(Short descriptive text snippets)

[Start of section]

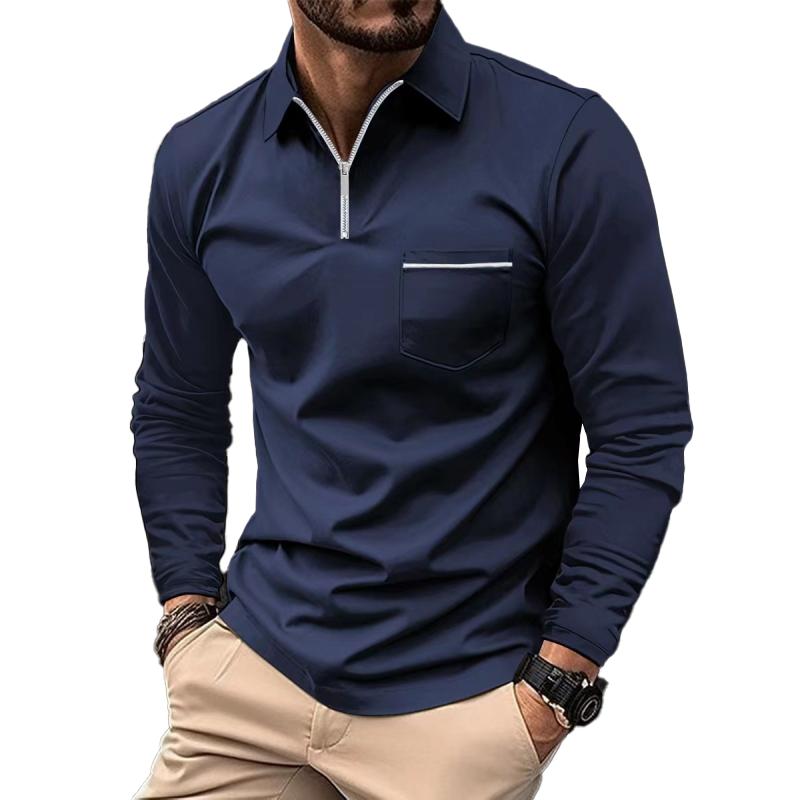 Polo met lange mouwen - Polo met kraag en kwartritssluiting voor heren-Boetiek Moda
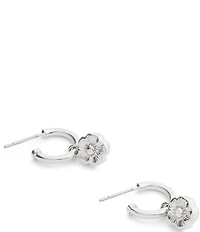 COACH Signature Tea Rose Charm Huggie Hoop Drop Earrings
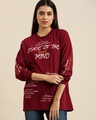 Shop Women's Maroon Life is Tough Typography Oversized T-shirt-Front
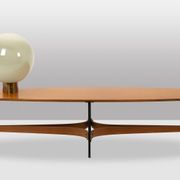 Guglielmo Ulrich. Oval coffee table in blonde teak. 1950s-60s.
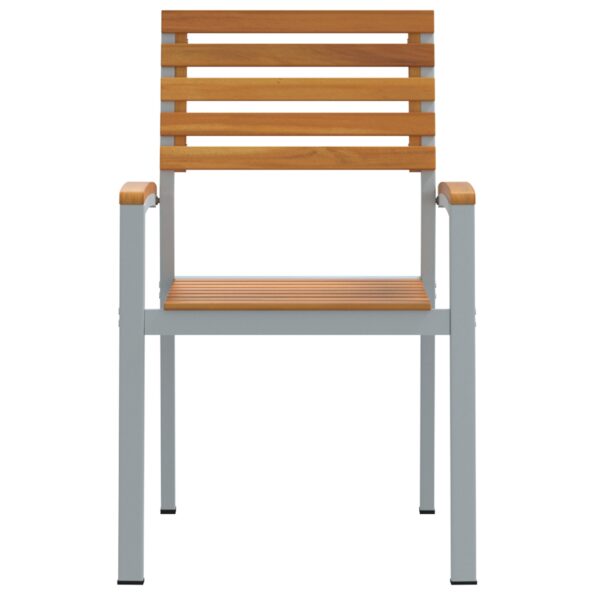vidaXL Stohovateľná záhradná stolička Šedá, Hnedá Oceľ, Drevo – Obrázok 5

[End of section]

- WHAT YOU SHOULD DO
Reproduce all the records verbatim, excluding images.

- TASK OUTPUT
 Polo met lange mouwen - Polo met kraag en kwartritssluiting voor heren-Boetiek Moda
 COACH Signature Tea Rose Charm Huggie Hoop Drop Earrings
 Shop Women's Maroon Life is Tough Typography Oversized T-shirt-Front
 Guglielmo Ulrich. Oval coffee table in blonde teak. 1950s-60s.
vidaXL Stohovateľná záhradná stolička Šedá, Hnedá Oceľ, Drevo – Obrázok 5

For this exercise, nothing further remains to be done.